The Connection has the thrill of the chase, suspense, two brilliant calculating minds pitted against one another, and awe, as it becomes more and more clear how broad the involvement in illegal activity extends up to high levels of government and across geographical space. It also shows the value of persistence and belief in oneself in pursuing justice—but as well the tremendous price one may have to pay for it eventually.
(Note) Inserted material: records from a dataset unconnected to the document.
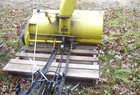  John Deere 42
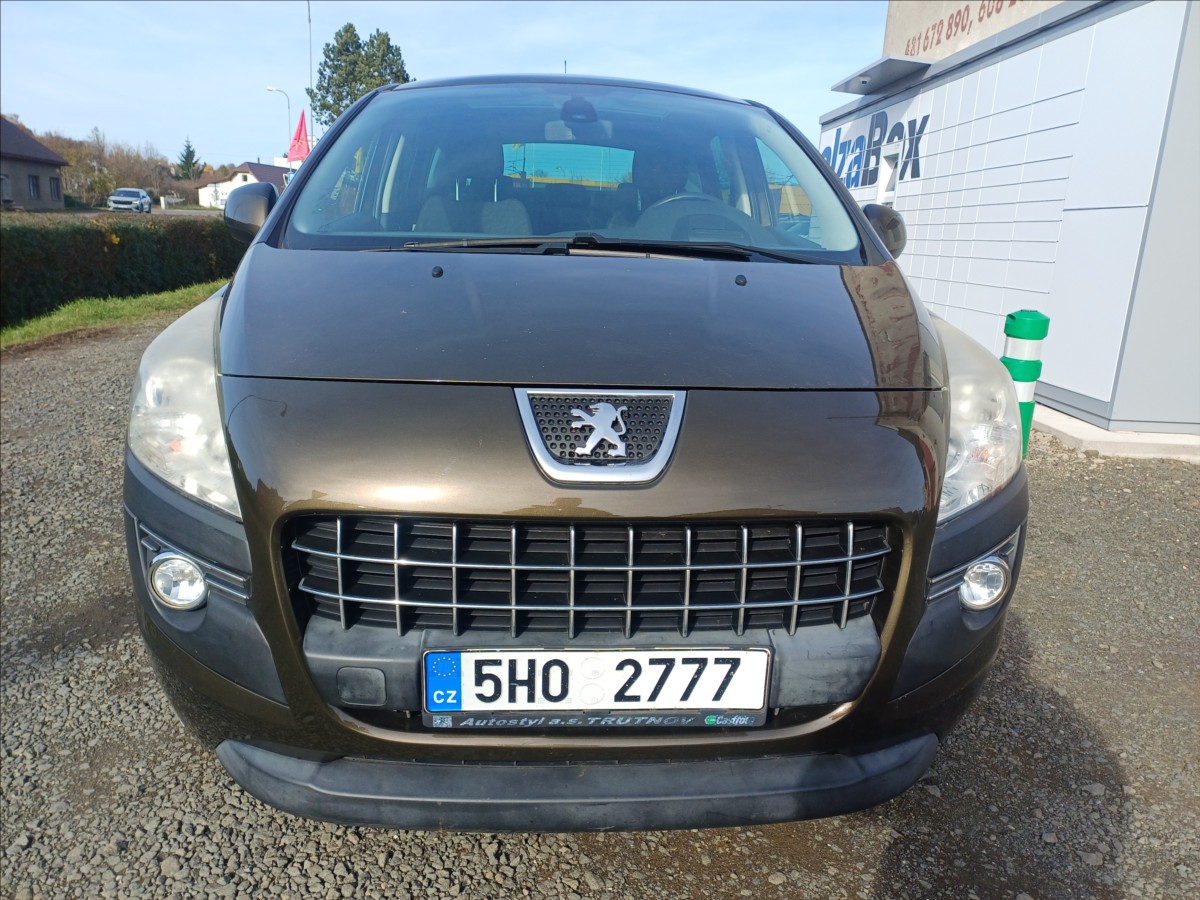 peugeot-3008-1-6-hdi - 1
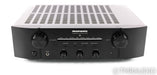 Marantz PM7005 Stereo Integrated Amplifier; PM-7005; Remote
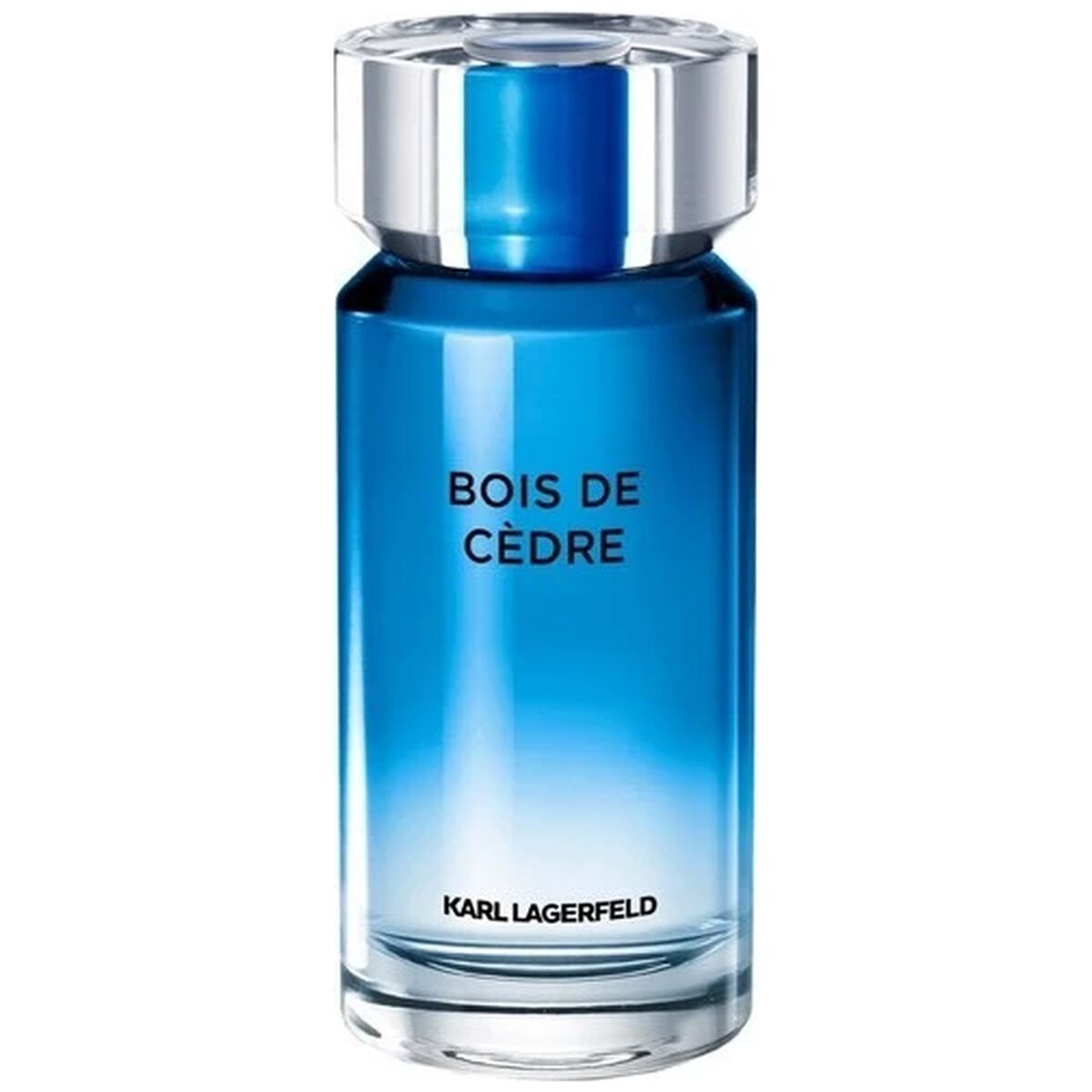Karl Lagerfeld Bois De Cedre edt 50ml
The star, the award-winning Jean Dujardin (The Artist, The Wolf of Wall Street, The Monuments Men), plays a newly appointed magistrate in Marseilles, France, Pierre Michel, who comes to the job reluctantly, preferring to stay on at his current job in the juvenile system. But the drug trade has reached such proportions, he is pressured into accepting the new position, and he immediately goes to work on the case. The kingpin of the drug cartel, Gaëtan “Tany” Zampa (Lellouche), is portrayed as a worthy counterpart to Michel—and the actors even resemble one another in physical appearance and smart attire. I think this resemblance is purposeful in illustrating how criminals may not Iook the part, can be as measured and intelligent in solving problems as the good guys, and value loyalty and family traditions just as much. One of the eeriest, chilling scenes in the film is the two men meeting face to face on a relatively deserted road in the mountains and exchanging veiled threats and dares. Clearly, they are equal matches.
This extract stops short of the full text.